PROBLEM TO SOLVE
The answer is the exact run of lines in the listing below from the line containing "Buy Vaseline Cloud" up to and including the line containing "CJS Admissions: Application Tips", with pictures removed.

DATASET CONTENT
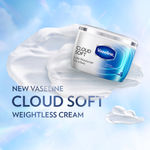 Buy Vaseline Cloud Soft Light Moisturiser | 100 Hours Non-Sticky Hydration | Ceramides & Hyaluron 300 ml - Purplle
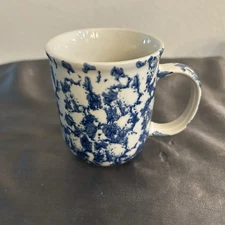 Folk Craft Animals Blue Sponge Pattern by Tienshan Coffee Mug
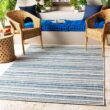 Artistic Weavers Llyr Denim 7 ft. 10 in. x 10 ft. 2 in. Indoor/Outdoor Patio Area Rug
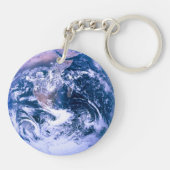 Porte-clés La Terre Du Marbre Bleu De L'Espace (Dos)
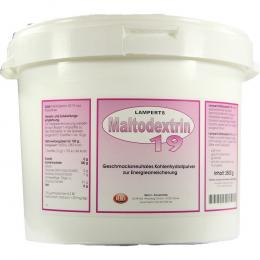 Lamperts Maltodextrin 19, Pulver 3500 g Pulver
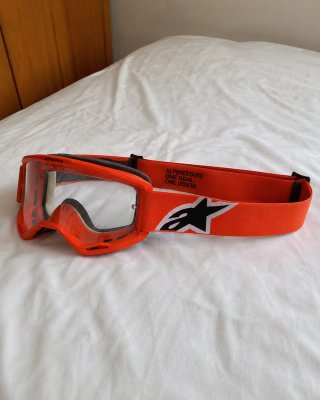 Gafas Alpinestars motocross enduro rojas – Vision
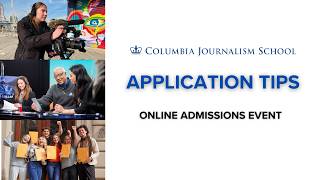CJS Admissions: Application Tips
==
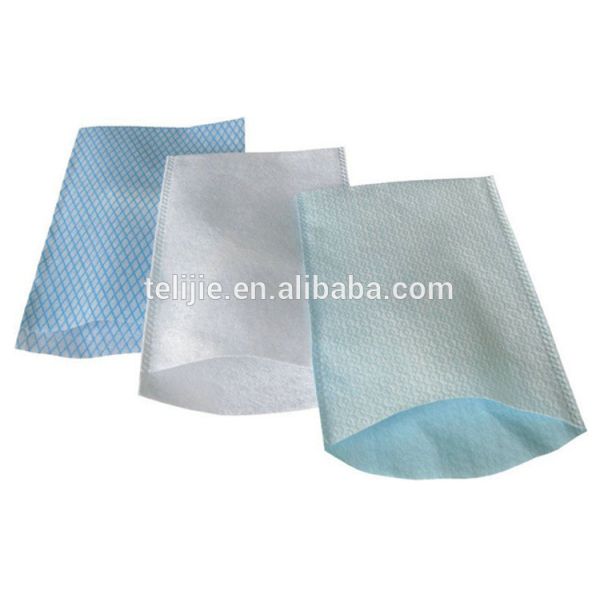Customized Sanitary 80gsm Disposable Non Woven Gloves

TASK RESULT
 Buy Vaseline Cloud Soft Light Moisturiser | 100 Hours Non-Sticky Hydration | Ceramides & Hyaluron 300 ml - Purplle
 Folk Craft Animals Blue Sponge Pattern by Tienshan Coffee Mug
 Artistic Weavers Llyr Denim 7 ft. 10 in. x 10 ft. 2 in. Indoor/Outdoor Patio Area Rug
 Porte-clés La Terre Du Marbre Bleu De L'Espace (Dos)
 Lamperts Maltodextrin 19, Pulver 3500 g Pulver
 Gafas Alpinestars motocross enduro rojas – Vision
CJS Admissions: Application Tips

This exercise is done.